また、表2に示すように本試験に用いた分散媒体は、重量割合(wt%)で磁性流体(MSGS60)39.2%、カーボニル鉄粉(粒径1.2μm)30.4%、アルミナ粒子(砥粒:WA粒径3μm)20.0%、αセルロース6.4%、ケロシン4.0%とから構成されている。ここで磁性流体とは、水や油などの流体に界面活性剤で覆われた直径10nm(ナノメートル)程度の強磁性微粒子が分散されており、磁場に応答する機能性流体をいう。また、タイプA〜Cを構成するスペーサの厚さは、磁石の厚さの半分の関係となるように統一した。これにより研磨する非磁性の管の上下動の距離(振幅)をスペーサと磁石との合計厚さと同一値に設定した場合、研磨する領域における磁石の滞留時間が一定になる。
次に、試験条件は、内径14.9mm、外径17.3mm、長さ100mmのステンレス鋼(SUS304BA)管の内面を研磨対象(ワーク)として、当該鋼管を電動スライダに取り付けた後、当該管内に上述した工具先端を挿入してボール盤により回転数1000rpmで回転させながら、当該鋼管を電動スライダにより20分間上下動させることで本試験を行った。これらの条件にて本試験を行った後、本試験における加工量(研磨量)の変化を本試験前後のワークの重量差から算出した。
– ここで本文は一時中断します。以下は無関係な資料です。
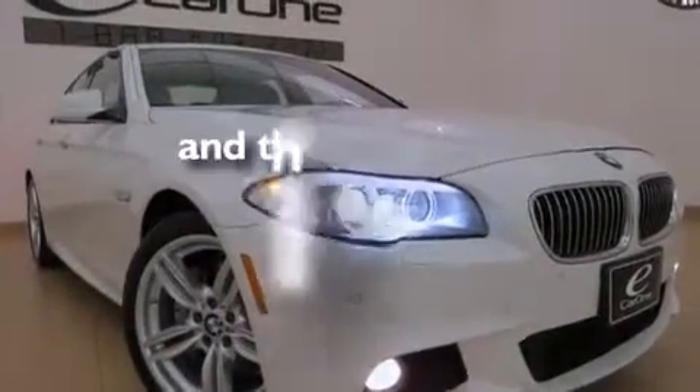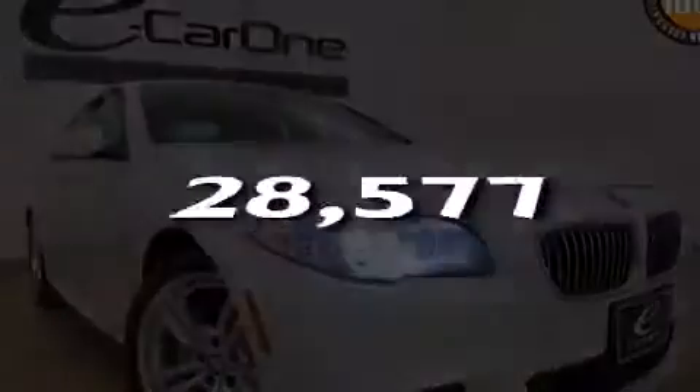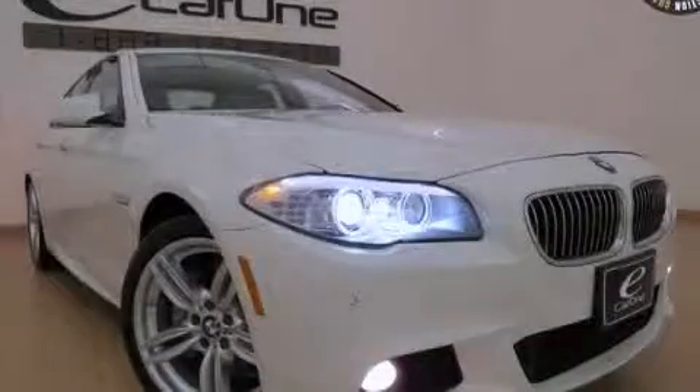This vehicle has fewer than 29,000 miles on the odometer. Contact us today to arrange your test drive. Thank you.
また、本試験後の管内径は三次元測定器を用いて、管内の表面性状は表面粗さ計を用いて各々計測した。以下、本試験後のタイプA〜Cにおける研磨量および管内面の面粗さについて説明する。
図6は、表1に示すタイプA〜Cの磁石とスペーサとから成る3種類の態様において、管の研磨量(加工量)の経時変化を示すグラフである。同グラフの横軸には加工時間(5分間隔で計測して最長20分)、縦軸に管の研磨量(加工量)を示す。図6に示すように、タイプA〜Cの3種類ともに加工時間が長くなるほど、研磨により重量変化(研磨量)が増加する。中でも20分の加工後においては、タイプBおよびCがタイプAに比べて研磨量が多い。タイプBおよびCの全長(各々20mm、21mm)がタイプAの全長(40mm)の約半分であることから、加工ヘッドを構成する磁石とスペーサから成る部分の全長を長くするよりも、各磁石の厚さが薄い(長さが短い)方が研磨効果は大きい。
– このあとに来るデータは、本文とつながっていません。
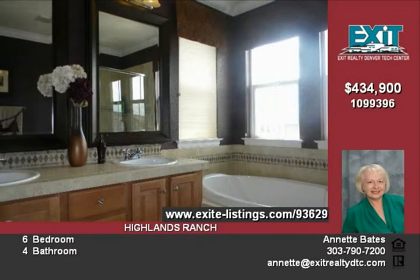Views! This gorgeous home offers mountain views and lush landscaping with an abundance of beautiful roses and trees. This home has everything and more.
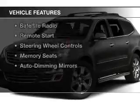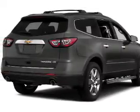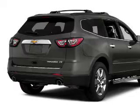The features include electric trunk, heated steering wheel, leather seats, heated seats, Bluetooth connectivity, a satellite radio, remote start, steering wheel controls, memory seats, and auto-dimming mirrors.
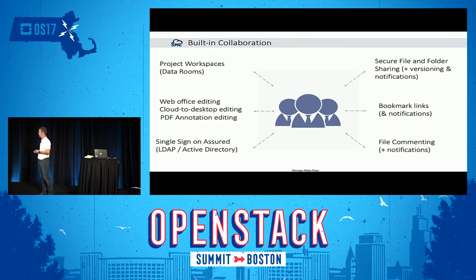We provide web office editing, so you can edit Word documents inside a browser, and do the same with PDFs, drawings, and annotations. We can share whole folders and bookmark links. You can add comments on files — a thread of comments outside the data itself — and even attach files as a comment to other files.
また、図7(a)ないし(c)はタイプA〜Cの3種類の各態様において20分間の試験終了後の管内面の面粗さを測定したグラフである。管内面の測定は研磨対象部位の中央位置を中心として、前後30mmずつ計60mmの長さに渡って測定し、同グラフは横軸を研磨中心位置からの相対距離(mm)、縦軸を測定箇所の面粗さ(μm)としてプロットした。タイプAの態様では図7(a)に示すように研磨中心位置から前後5mmの範囲においては面粗さが+2μm〜−6μmの範囲であるが、研磨中心位置から5mm以上離れた測定箇所では+4μm〜−8μmの面粗さとなり、研磨中心位置付近ではわずかな研磨効果が確認できた。
これに対して、タイプBおよびCでは図7(b)および(c)に示すように、中央部分から前後10mm前後の範囲において面粗さは−2μm〜+2μm前後の範囲に収まり、タイプAの測定結果に比べて大幅な研磨効果が確認された。これらの結果からも、加工ヘッドを構成する磁石とスペーサから成る部分の全長を長くする(各磁石の厚さを長くする)よりも、各磁石の厚さを薄くする(長さを短くする)方が研磨効果は大きいことがわかる。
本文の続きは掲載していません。